┌─ Data extract

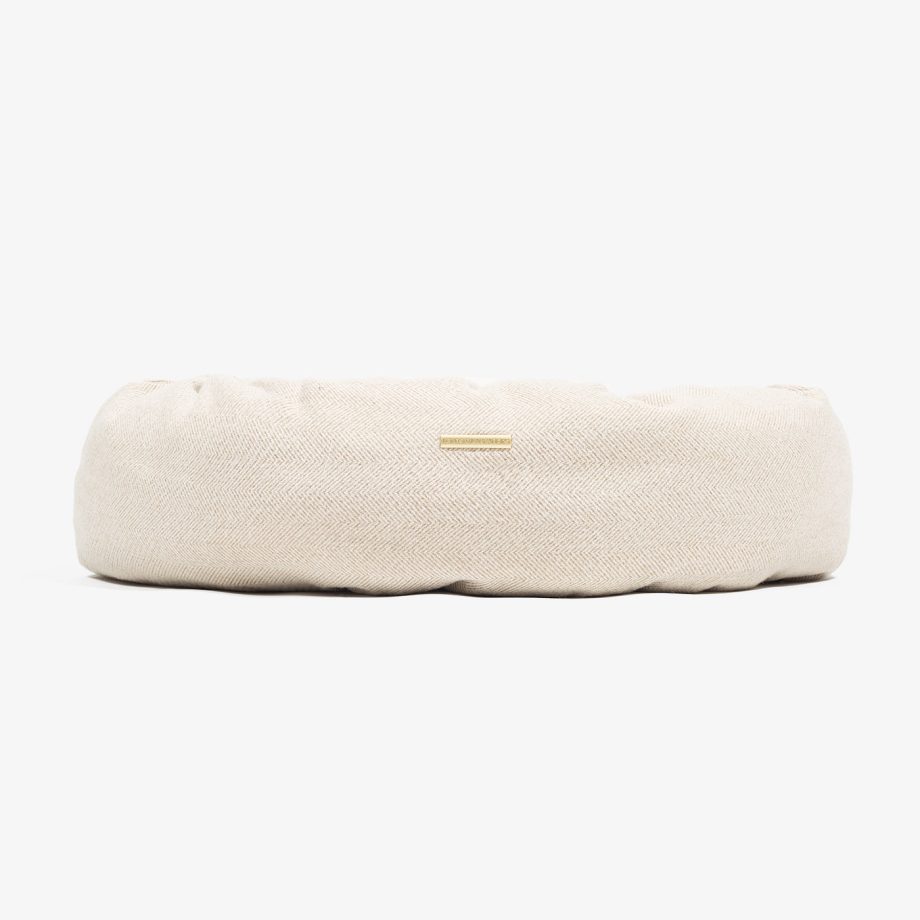 Donut Bed With Removable Covers in Natural Herringbone Tweed by Lords & Labradors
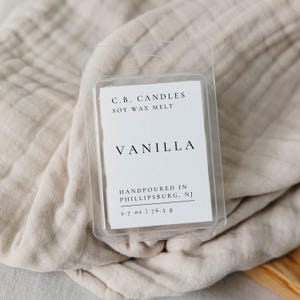 Vanilla Wax Melt, 100% Soy Wax, Handmade, Eco-friendly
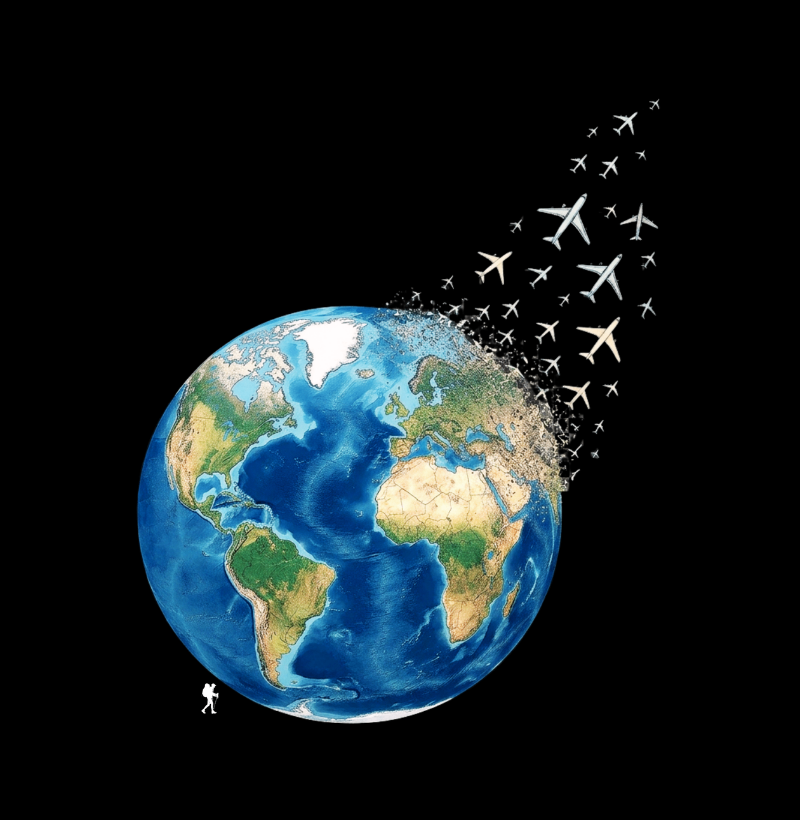 Camiseta Globo Terrestre Avioes Dispersos Bolso | Arte 3D Viagem Mundo Pocket | Colecao Viciados em Viagem - Imagem 2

└─

Exercise details
Please, leaving out all pictures, transcribe exactly the lines above from the one containing "Vanilla Wax Melt, 100%" through the final line, both included.

Solution for this problem
 Vanilla Wax Melt, 100% Soy Wax, Handmade, Eco-friendly
 Camiseta Globo Terrestre Avioes Dispersos Bolso | Arte 3D Viagem Mundo Pocket | Colecao Viciados em Viagem - Imagem 2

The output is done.